— Отец все меньше сдерживал удовольствие, а плоть его раздувалась все сильнее. Голова запрокинулась, и мысленный взор устремился к тому воображаемому любовнику, которым, несомненно, был я. Черты Эдуара подернулись невыразимой волной блаженства. Его грудь непрерывно, почти безмолвно вздыхала, и слишком долго сдерживаемые вздохи еще больше обостряли удовольствие — так происходит со всем, что мы стремимся обуздать. Его рука все яростнее трепала член, исчезавший в ней по самые яйца, которые другая рука без устали поднимала и мяла. Так что в конце, опираясь лишь на затылок и пятки, он выпустил сперму, словно струю воды, и в блаженном изнеможении повалился во весь рост. Дрожь пробежала по его телу до самого рта, и, хотя он безмолвствовал, я все же прочитал по движениям губ: «Андре, Андре, малыш Андре…»
— Почему же я не бросился в его объятия? Почему не присоединился к этому наслаждению, которое вызвал на расстоянии как его единственный объект? Быть может, я подумал, что выступлю в роли непрошеного гостя, нарушающего покой после столь безоблачного счастья? Или мои муки ревности были так дорого вознаграждены, что впредь мне достаточно протянуть руку, для того чтобы мы могли подарить друг другу оргазм, до которого он только что довел себя с моим именем на устах? Возможно также, я просто не осмелился или, сраженный ужасной радостью, свалившейся на меня, чувствовал себя неспособным сделать малейшее движение, грозившее уменьшить ее! Пару минут спустя отец оделся и вышел. Как только на лестнице утихли шаги, я бросился на его место, зарылся в углубление, оставленное его телом, и тепло постели обожгло даже мои пылавшие бока, трепетавшие от неистового наслаждения. Там, на этом ложе, опьянев от густого запаха мужского пота, которым одержимая плоть его пропитала, я два раза подряд превратился в отца, вслух призывая, окликая его, равнодушный к тому, что меня могли услышать, застать врасплох, не говоря уж о следах, которые я нарочно оставлял, зная, кому их припишут. Что если бы он вдруг вернулся? Мало ли что могло бы случиться. Но я был полон решимости, поскольку у меня больше не осталось никаких сомнений. Кровать стояла совсем рядом, и если бы он, неожиданно возвратившись, толкнул дверь, я притянул бы его к себе, он подчинился бы и доставил мне наслаждение… точь-в-точь как теперь, Ролан… Ролан…
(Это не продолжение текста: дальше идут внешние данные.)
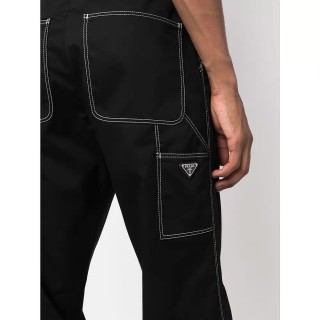 Prada Black Cargo Jeans with Contrast Stitching view 2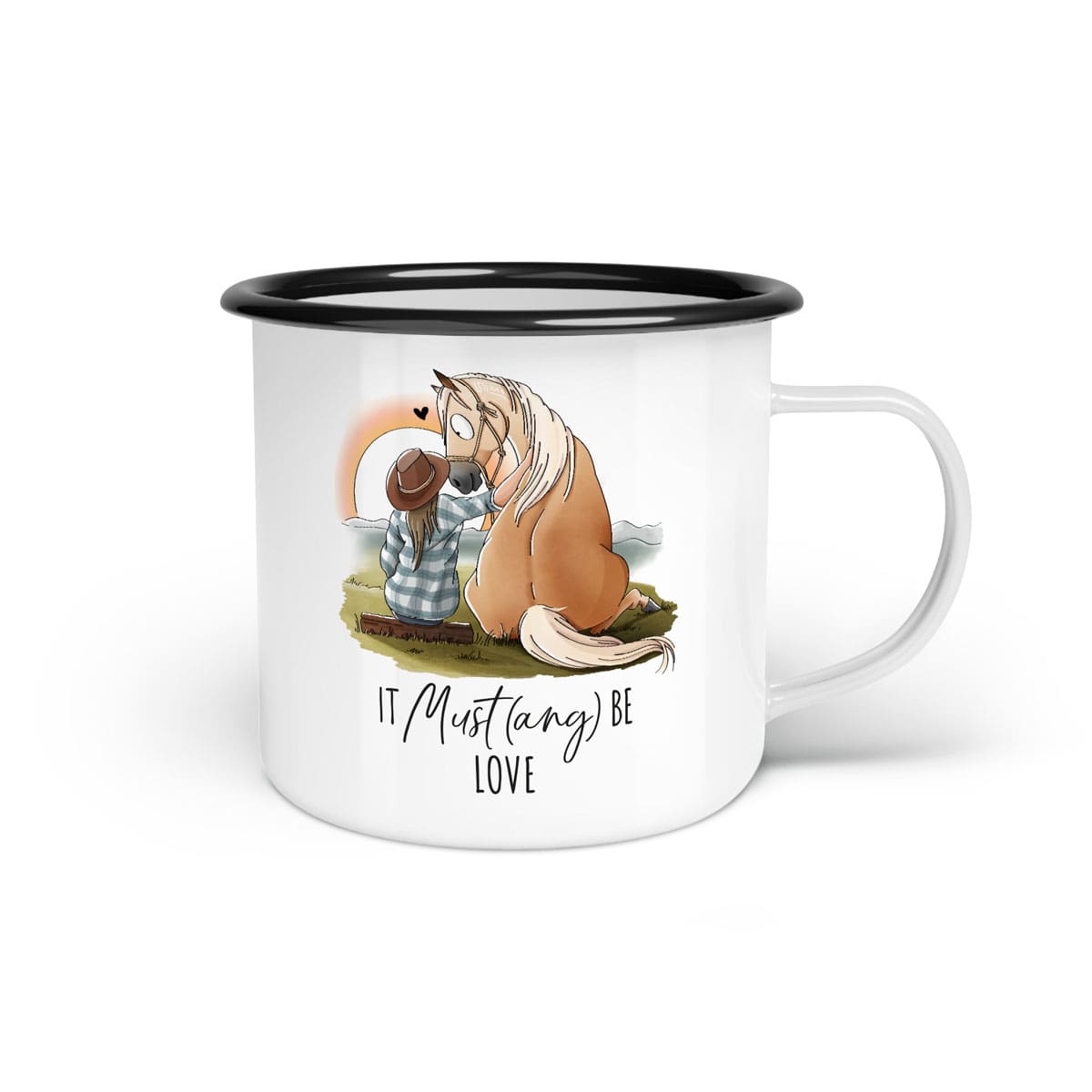 Emaille-Tasse "It Must(ang) be love"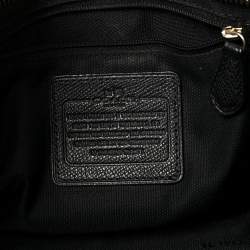 Pre Owned Coach Black Textured Leather Crosby Tote
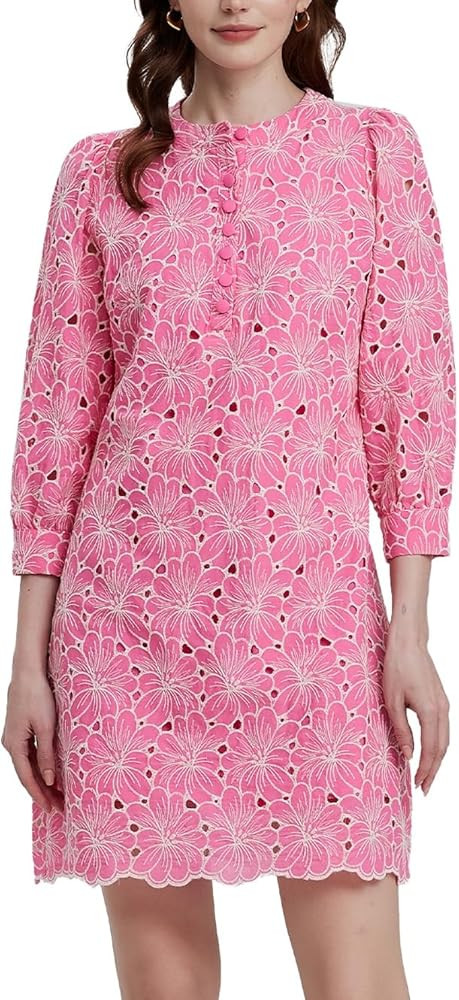 D-Sun Women's Floral Jacquard Dress Crewneck 3/4 Sleeve 3D Embroidered Slim Mini Dress Button Dow... | Amazon (US)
Оба юноши никогда не забудут тех предрассветных часов, той зарождающейся зари, когда они вышли за пределы самих себя и собственного счастья. У них еще будут другие — столь же прекрасные и жаркие, возможно, еще жарче и прекраснее, но никогда не будет этих или таких же. Комнату озаряли только потоки лунного света. Ароматы звкалиптов и сосен, смешанные с запахом моря, были столь сильными и резкими, что проникали даже сквозь закрытые окна, и порой юноши слабели от них, как от сладострастия. Вдвоем они превратились в единое тело, чья ослепительная белизна с буйными вкраплениями освещала самую непроглядную тьму. Они расплетались лишь для того, чтобы соединиться вновь, постоянно соприкасаясь друг с другом своей кожей, пахучим потом, своим наслаждением и неисчерпаемым юношеским семенем, которое размазывали по себе и оставляли сохнуть. Они вырывались из объятий — порой мучительно, дабы начать все сначала из новых исходных точек, всегда соединяясь в одной: удовольствии, повторяемом до бесконечности…
После обеда они вновь окунулись в море, где обычно проводили почти весь день, лишь изредка выбираясь на теплый песок. Там они боролись и кувыркались, словно юные морские божества, а затем вновь ныряли в приятную соленую горечь той первой волны, из которой родилась Афродита и которая выковывает у юношей крепкие конечности и грудную клетку, дышащую в такт водному простору. Однако сегодня приветливая и спокойная, теплая и сверкающая волна не приглашала их к продолжению забав. Истома, наступающая после сладострастных ночей, побуждала к блаженному отдыху, после которого они становились проворными и в то же время умиротворенными, такими же прозрачными телом и душой, как лазурный свет, пронизывавший со всех сторон, отражая в своей призме их незримые мысли. Прислонившись к рыбацкой лодке, выброшенной на берег, они растворялись в созерцании моря, в непроницаемом и вместе с тем пронзительном зное, что напирал отовсюду и незаметно опалял кожу в густом, душистом аромате смолы, качавшем их над воображаемыми черными, рискованными безднами, не столь, впрочем, глубокими, как их души, куда они погружались все дальше, дабы обрести на дне лишь безмятежность своей безмерной любви.